According to GreenvilleOnline, Greenville, S.C. was on the list almost to the end.
Brook Bristow, who is general counsel for the S.C. Brewers Association and assisted in recruitment efforts said that those other cities were chosen because they are not just centrally located — they also offer a better tax climate.
Both Ohio and Virginia have vastly lower excise taxes on beer — 18 cents per gallon in Ohio, 26 cents per gallon in Virginia, compared to 77 cent per gallon in South Carolina, he told Greenville Online.
"We can't do anything about where we are, but we can make where we are more attractive for business," Bristow said. "The brewers association's next priority is cutting that tax. Currently, South Carolina has one of the 10 highest excise taxes in the country. That has to change to compete seriously with other states."
South Carolina did make some changes to try and pretty itself for Stone Brewing.
Governor Nikki Haley signed "Stone Law," which loosened restrictions on beer production and consumption in an effort to make the state more attractive for Stone's $31 million project.

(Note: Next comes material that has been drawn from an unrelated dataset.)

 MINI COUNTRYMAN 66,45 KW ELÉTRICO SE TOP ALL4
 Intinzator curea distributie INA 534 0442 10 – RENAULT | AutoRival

The bill, which was pushed through this spring after it became clear that the brewery was interested in the state, changed the law to allow producing large amounts of beer while also operating a restaurant.
Unfortunately, the bill wasn't enough to woo Stone Brewery. Though it was a step in the right direction, Stone was turned off by South Carolina's high taxes and regulations. Hopefully South Carolina, a so-called "Red State," will start changing its laws to embracing free market principles.